+++ Extracted information +++

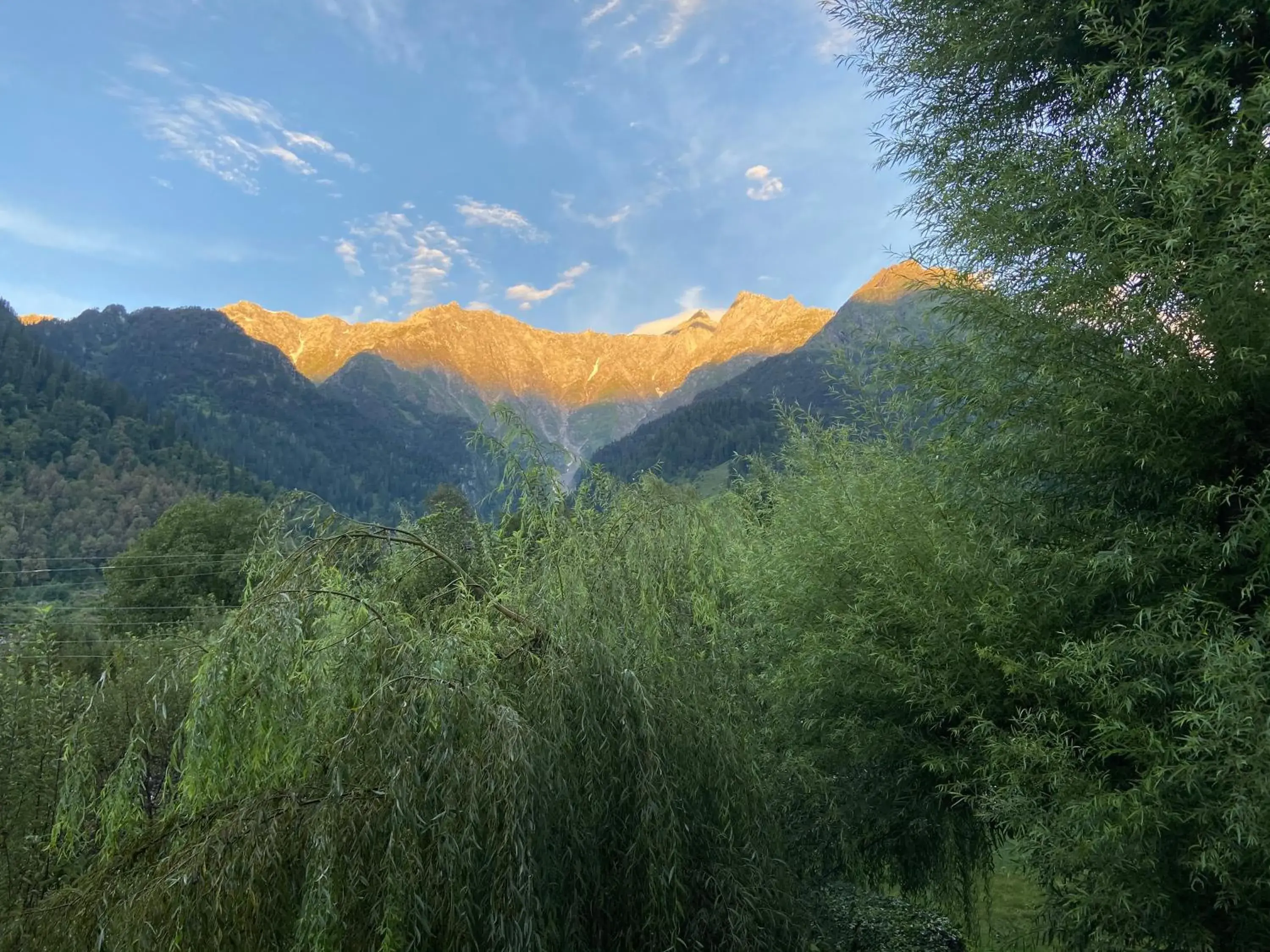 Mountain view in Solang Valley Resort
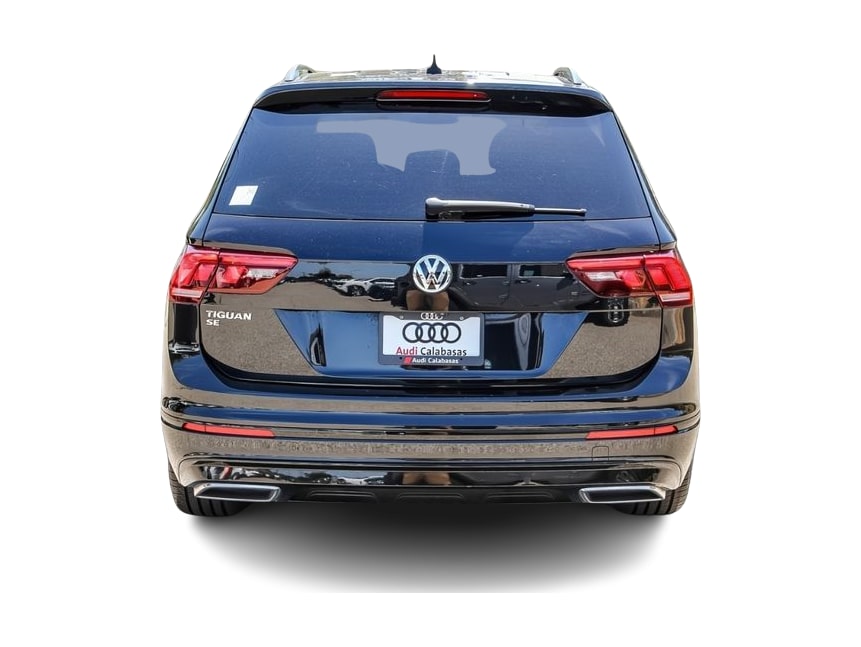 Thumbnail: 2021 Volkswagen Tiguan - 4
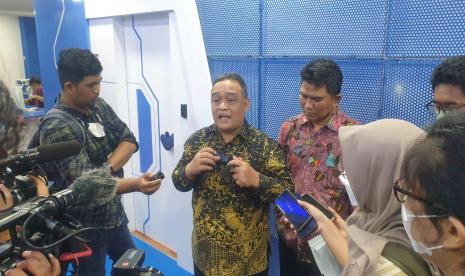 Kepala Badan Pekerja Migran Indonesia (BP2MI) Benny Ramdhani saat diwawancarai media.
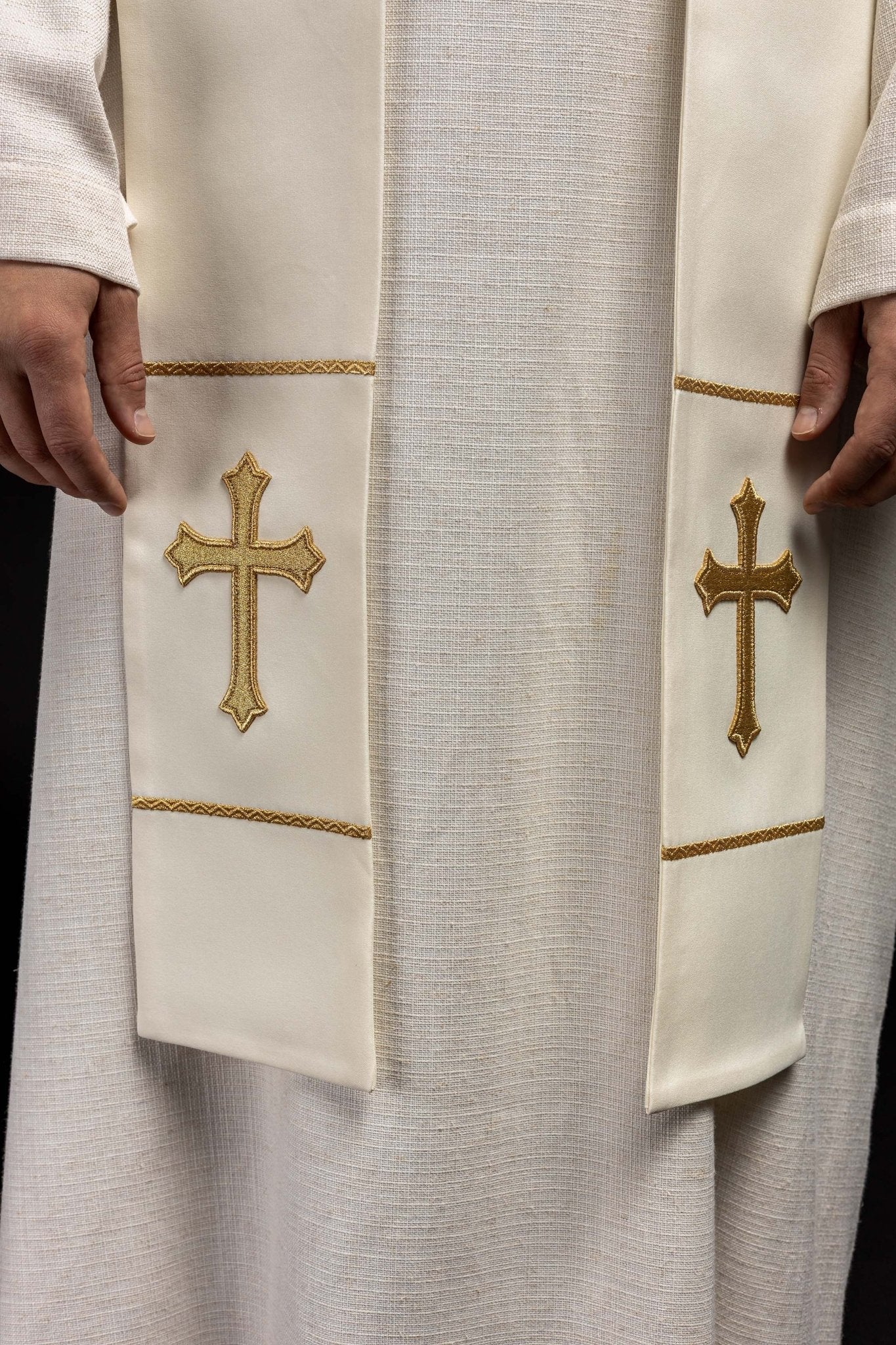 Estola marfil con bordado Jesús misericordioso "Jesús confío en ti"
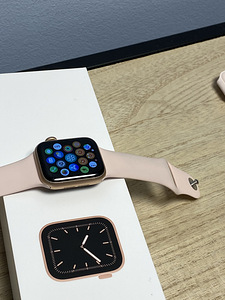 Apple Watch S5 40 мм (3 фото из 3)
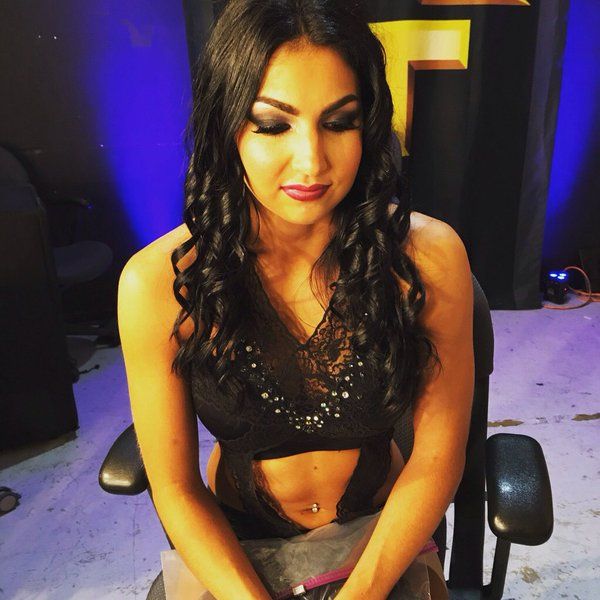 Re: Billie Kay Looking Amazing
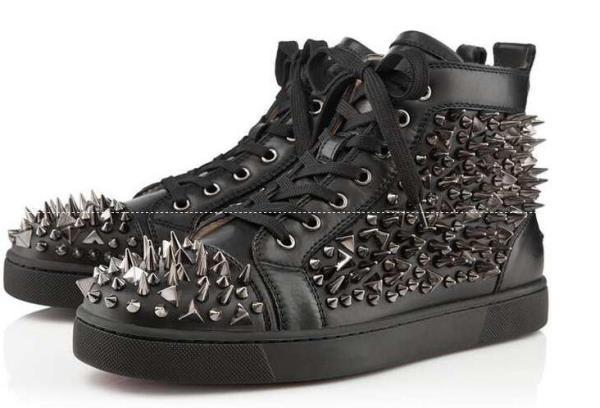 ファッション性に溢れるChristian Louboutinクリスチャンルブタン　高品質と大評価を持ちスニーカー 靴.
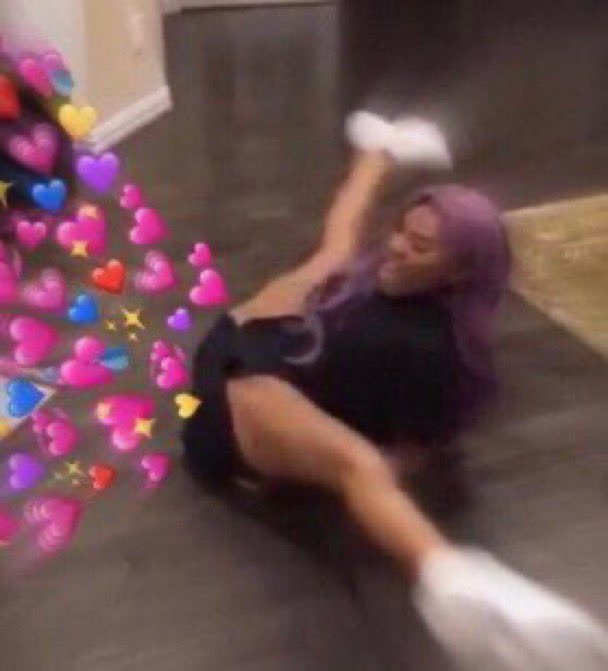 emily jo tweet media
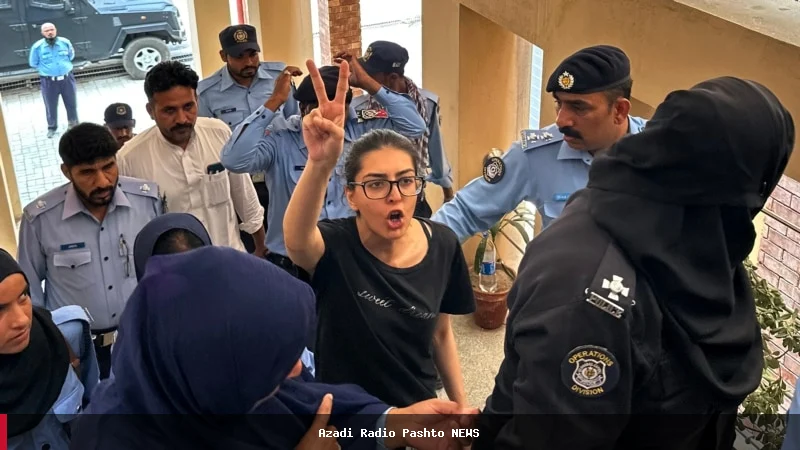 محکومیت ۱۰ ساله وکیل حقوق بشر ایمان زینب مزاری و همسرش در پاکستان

+++

• **Work to complete**
Write the records out again verbatim and omit the pictures they contain.

• **Finished task**
 Mountain view in Solang Valley Resort
 Thumbnail: 2021 Volkswagen Tiguan - 4
 Kepala Badan Pekerja Migran Indonesia (BP2MI) Benny Ramdhani saat diwawancarai media.
 Estola marfil con bordado Jesús misericordioso "Jesús confío en ti"
 Apple Watch S5 40 мм (3 фото из 3)
 Re: Billie Kay Looking Amazing
 ファッション性に溢れるChristian Louboutinクリスチャンルブタン　高品質と大評価を持ちスニーカー 靴.
 emily jo tweet media
 محکومیت ۱۰ ساله وکیل حقوق بشر ایمان زینب مزاری و همسرش در پاکستان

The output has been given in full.